Türkiye’nin dünya için önemli bir gıda deposu olduğunu ifade eden Valimiz Sayın Osman Kaymak, “Çok geniş tarım arazilerimiz, meyve bahçelerimiz var. Özellikle, Samsun Bafra ve Çarşamba Ovalarıyla Türkiye’nin en önemli tarım merkezlerinden birisi. Samsun’un %30-40’ına tekabül eden 80 bin aile tarımla iştigal ediyor. Samsun tabi sanayi, ticaret, eğitim ve spor kenti ama asıl kalkınma hamlesi tarım. Tarımsal arazilerimiz çok geniş ve çok verimli. Bunları en iyi şekilde kullanma konusunda yoğun çaba harcıyoruz. Enstitülerimiz de yeni tohumlar ortaya çıkarılması konusunda önemli görevler üstleniyorlar. Hatta son yıllarda endüstriyel Türk Keneviri üretme konusunda ciddi çalışmalarımız var. Malum kenevirden esrar üretildiği için insanlık için zararlı. Şimdi esrar içermeyen keneviri hızlı bir şekilde üretip yaymak ve endüstride kullanmak konusunda Sayın Cumhurbaşkanımızın talimatları sonrasında ciddi bir çalışma başlattık. Bu işin merkezi de inşallah Vezirköprü olacak. Belki JICA ile de bu işini endüstriyel çalışma yolları değerlendirilir. Üretme konusunda sıkıntımız yok ancak endüstrisi yaygın değil. Türk girişimciler bunu yapabilecek güce sahip ama işbirliğiyle bunlar daha da iyi yapılabilir. İnşallah Samsun merkezli olarak bu sanayiyi de kurarak, keneviri üretmek istiyoruz.” diyerek sözlerini sonlandırdı.
Konuşmaların ardından Valimiz Sayın Osman Kaymak, JICA Türkiye Ofisi Başkanı Takehiro Yasui’ye 2016-2019 yılları arasında ilimizde sürdürülen projeye katkılarından dolayı teşekkür ederek, plaket verdi.
Plaket töreninin ardından Valimiz Sayın Osman Kaymak, Karadeniz Tarımsal Araştırma Enstitüsü, JICA ve FUJII İşbirliği Projesi kapsamınnda alınan ağaç budama ve meyve toplama makinesi ile ot ve çim biçme makinesini inceleyerek, yetkililerden bilgi aldı.

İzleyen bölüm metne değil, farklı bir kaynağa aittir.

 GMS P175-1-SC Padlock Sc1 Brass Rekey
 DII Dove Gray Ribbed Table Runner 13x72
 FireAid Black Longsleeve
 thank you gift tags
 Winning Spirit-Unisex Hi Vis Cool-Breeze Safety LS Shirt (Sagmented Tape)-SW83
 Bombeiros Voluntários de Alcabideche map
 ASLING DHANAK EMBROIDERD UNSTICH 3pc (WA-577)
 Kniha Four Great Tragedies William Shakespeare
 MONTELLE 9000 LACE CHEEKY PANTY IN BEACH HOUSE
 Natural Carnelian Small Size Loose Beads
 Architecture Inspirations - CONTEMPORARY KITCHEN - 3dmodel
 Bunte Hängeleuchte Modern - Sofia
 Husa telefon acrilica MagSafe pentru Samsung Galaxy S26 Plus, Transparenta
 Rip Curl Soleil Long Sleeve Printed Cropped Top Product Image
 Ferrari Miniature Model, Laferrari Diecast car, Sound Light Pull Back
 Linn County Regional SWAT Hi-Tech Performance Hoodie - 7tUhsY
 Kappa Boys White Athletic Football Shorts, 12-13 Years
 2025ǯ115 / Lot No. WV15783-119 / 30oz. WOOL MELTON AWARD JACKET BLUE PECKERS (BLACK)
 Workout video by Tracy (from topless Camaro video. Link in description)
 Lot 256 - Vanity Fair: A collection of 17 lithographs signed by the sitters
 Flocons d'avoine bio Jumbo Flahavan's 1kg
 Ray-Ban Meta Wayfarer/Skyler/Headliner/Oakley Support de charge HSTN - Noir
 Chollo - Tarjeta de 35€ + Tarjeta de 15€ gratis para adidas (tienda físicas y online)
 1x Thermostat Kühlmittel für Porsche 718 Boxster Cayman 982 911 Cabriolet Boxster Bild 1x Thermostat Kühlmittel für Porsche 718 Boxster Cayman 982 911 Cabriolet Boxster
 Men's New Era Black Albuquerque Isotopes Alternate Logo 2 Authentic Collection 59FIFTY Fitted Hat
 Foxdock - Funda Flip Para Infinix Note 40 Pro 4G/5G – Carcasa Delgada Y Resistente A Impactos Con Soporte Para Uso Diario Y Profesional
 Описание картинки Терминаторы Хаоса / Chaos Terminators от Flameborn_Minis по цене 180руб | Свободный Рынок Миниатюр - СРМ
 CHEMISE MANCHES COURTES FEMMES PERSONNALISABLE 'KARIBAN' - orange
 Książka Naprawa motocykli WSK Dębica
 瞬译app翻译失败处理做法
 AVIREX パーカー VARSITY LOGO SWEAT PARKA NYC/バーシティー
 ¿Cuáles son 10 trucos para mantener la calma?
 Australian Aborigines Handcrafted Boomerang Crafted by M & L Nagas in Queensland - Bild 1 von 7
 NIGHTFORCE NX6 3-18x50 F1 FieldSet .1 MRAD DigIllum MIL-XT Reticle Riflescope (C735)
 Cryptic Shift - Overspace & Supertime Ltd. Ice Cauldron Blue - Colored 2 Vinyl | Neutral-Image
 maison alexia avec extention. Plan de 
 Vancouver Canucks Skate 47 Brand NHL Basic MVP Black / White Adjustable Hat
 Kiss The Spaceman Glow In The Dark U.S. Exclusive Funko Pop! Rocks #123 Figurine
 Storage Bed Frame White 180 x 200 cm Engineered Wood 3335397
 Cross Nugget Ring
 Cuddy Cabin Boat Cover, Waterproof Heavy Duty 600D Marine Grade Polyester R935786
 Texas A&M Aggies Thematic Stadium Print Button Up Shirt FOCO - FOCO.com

Toplantı ayrıca, Canik Kaymakamı Mahmut Halhal, Ondokuz Mayıs Üniversitesi Ziraat Fakültesi Dekanı Hüsnü Demirsoy, Ordu Üniversitesi Ziraat Fakültesi Dekan Yardımcısı Fikret Balta, Tokat Orta Karadeniz Tarımsal Araştırma Enstitüsü Müdürü Ahmet Boz, Karadeniz Tarımsal Araştırma Enstitüsü Ziraat Mühendisleri ve personeli katıldı.